### [Working data]
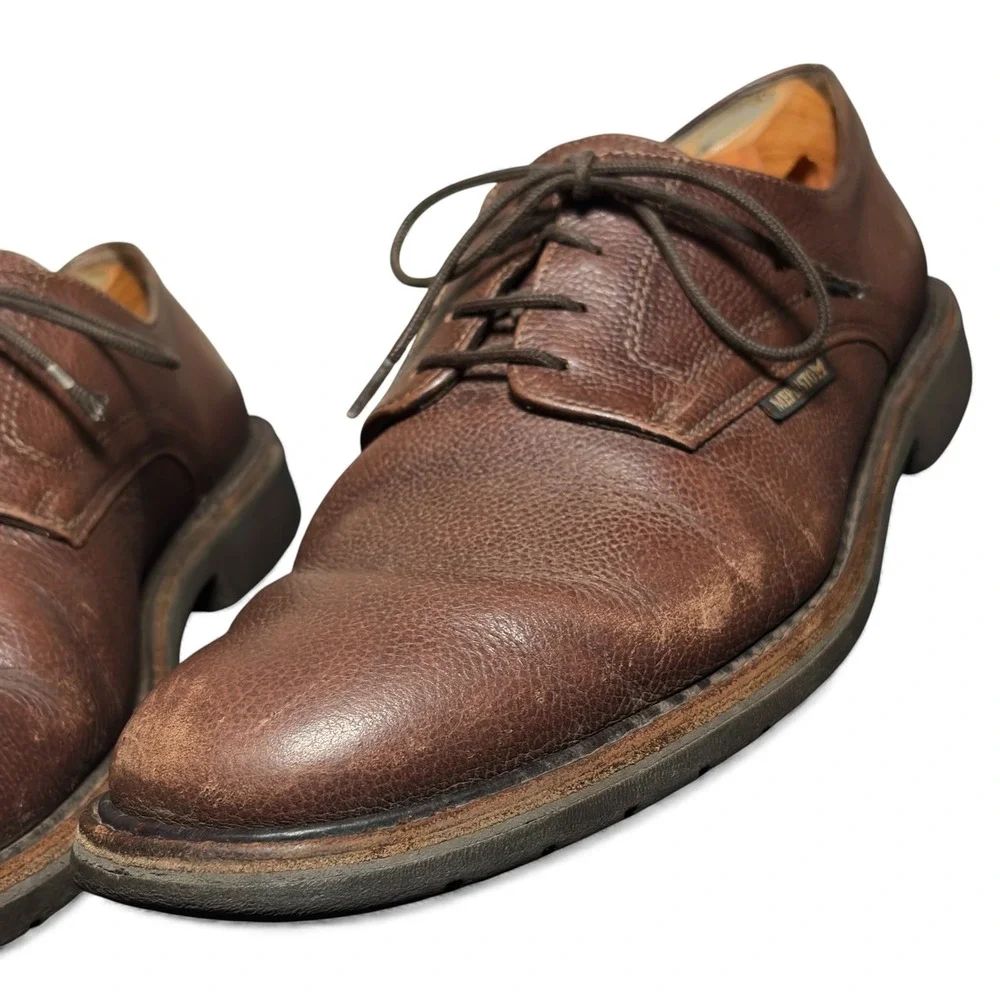 Mephisto Shoes Mens Size 9.5 Brown Leather‎ Goodyear Welt Derby Oxfords Retro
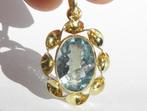 14KT gouden kettinghanger met Spinel. 7.50 ct., Blauw, Ophalen of Verzenden, Zo goed als nieuw, Kruis of Symbool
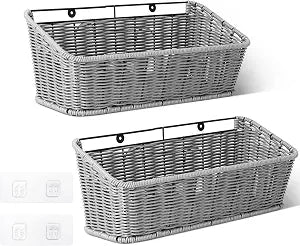 GRANNY SAYS Wicker Hanging Basket for Storage, Wall Mount Fruit Basket
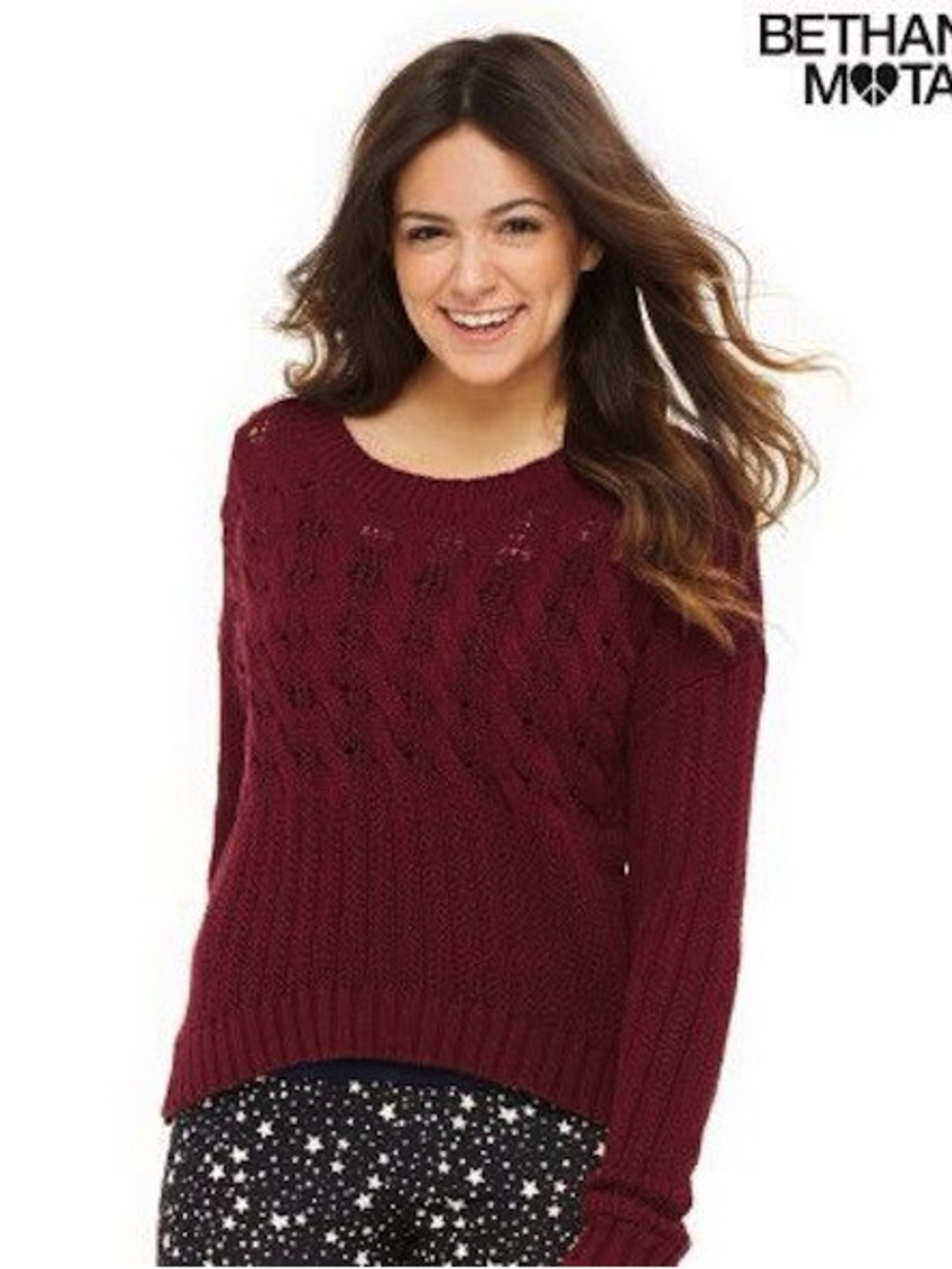 Bethany Mota Aeropostale Burgundy Cable Knit Crew Sweater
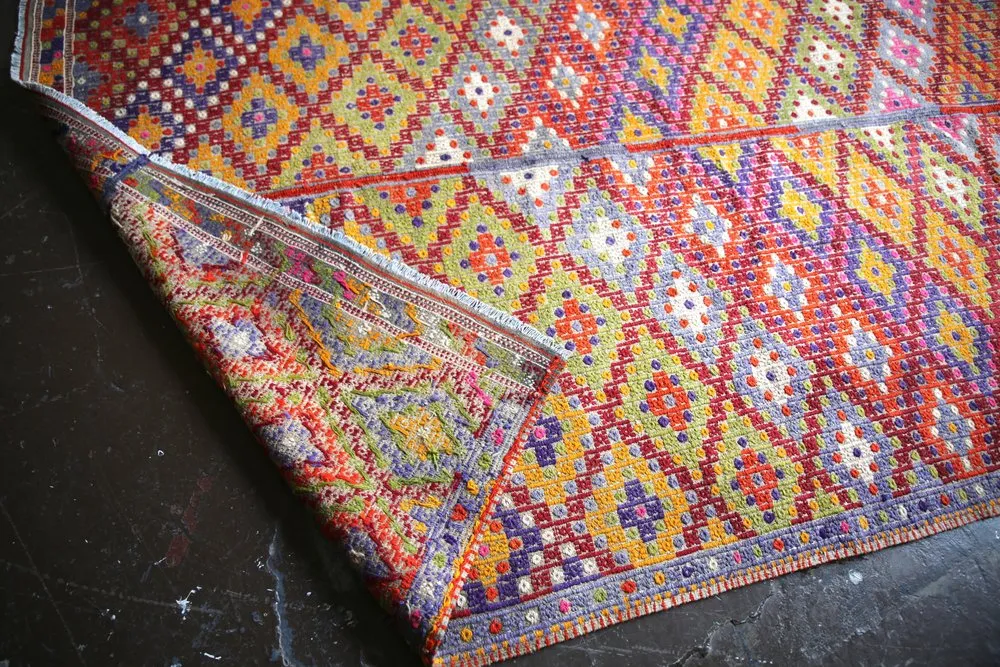 Vintage Denizli Cicim Kilim 5.9ftx8.11ft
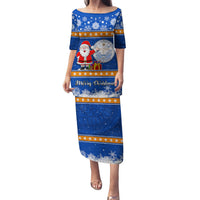 Personalised Marshall Islands Christmas Family Matching Puletasi Dress and Hawaiian Shirt Santa Claus and Coat of Arms Mix Polynesian Xmas Style LT03 Mom's Dress Blue - Polynesian Pride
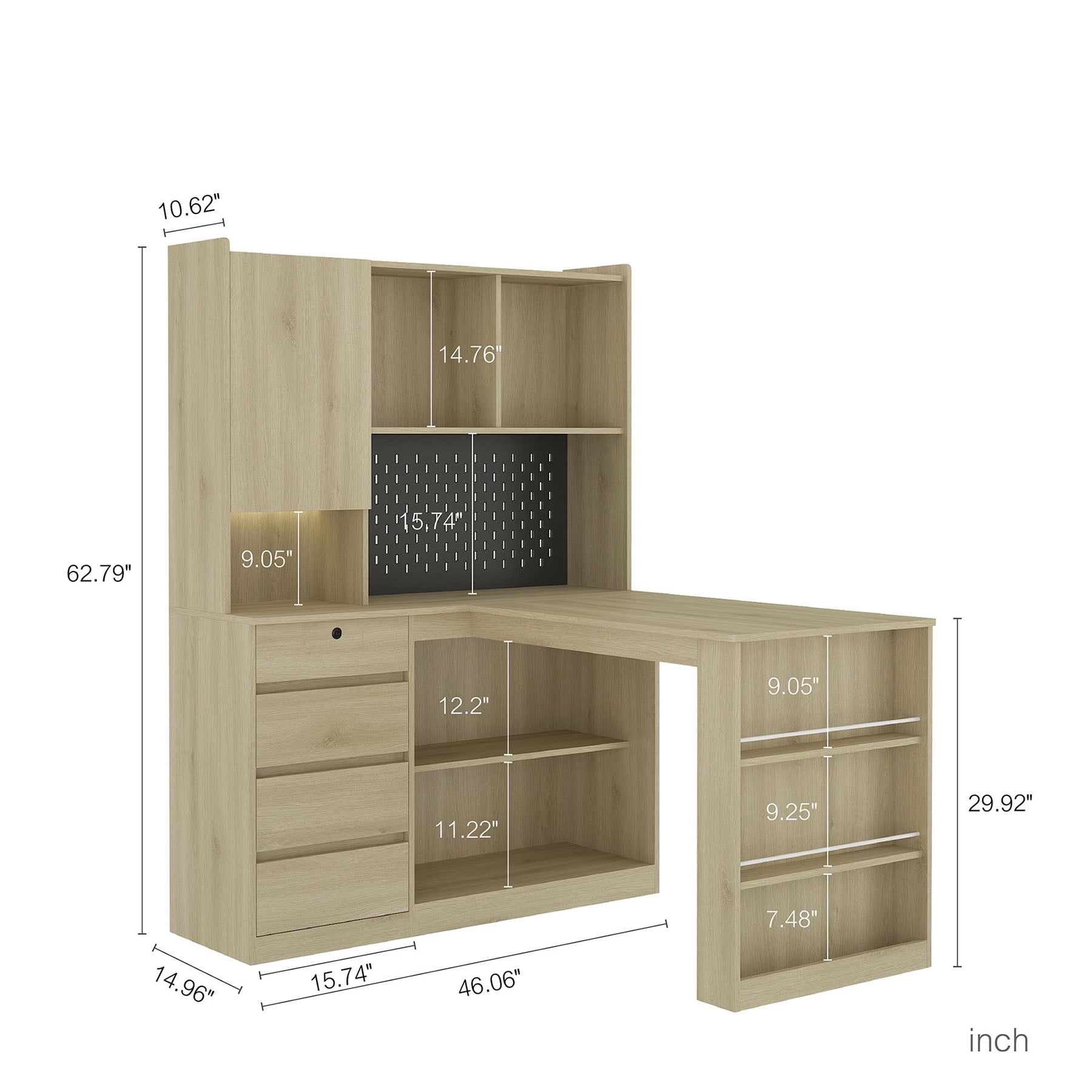 S-HOME L Shaped Desk With Charger And LED Light,  Home Office Desk With Drawers And Bookshelf, Corner Gaming Desk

### [Task]
Copy out the whole listing exactly. Skip its pictures.

### [Result of this exercise]
 Mephisto Shoes Mens Size 9.5 Brown Leather‎ Goodyear Welt Derby Oxfords Retro
 14KT gouden kettinghanger met Spinel. 7.50 ct., Blauw, Ophalen of Verzenden, Zo goed als nieuw, Kruis of Symbool
 GRANNY SAYS Wicker Hanging Basket for Storage, Wall Mount Fruit Basket
 Bethany Mota Aeropostale Burgundy Cable Knit Crew Sweater
 Vintage Denizli Cicim Kilim 5.9ftx8.11ft
 Personalised Marshall Islands Christmas Family Matching Puletasi Dress and Hawaiian Shirt Santa Claus and Coat of Arms Mix Polynesian Xmas Style LT03 Mom's Dress Blue - Polynesian Pride
 S-HOME L Shaped Desk With Charger And LED Light,  Home Office Desk With Drawers And Bookshelf, Corner Gaming Desk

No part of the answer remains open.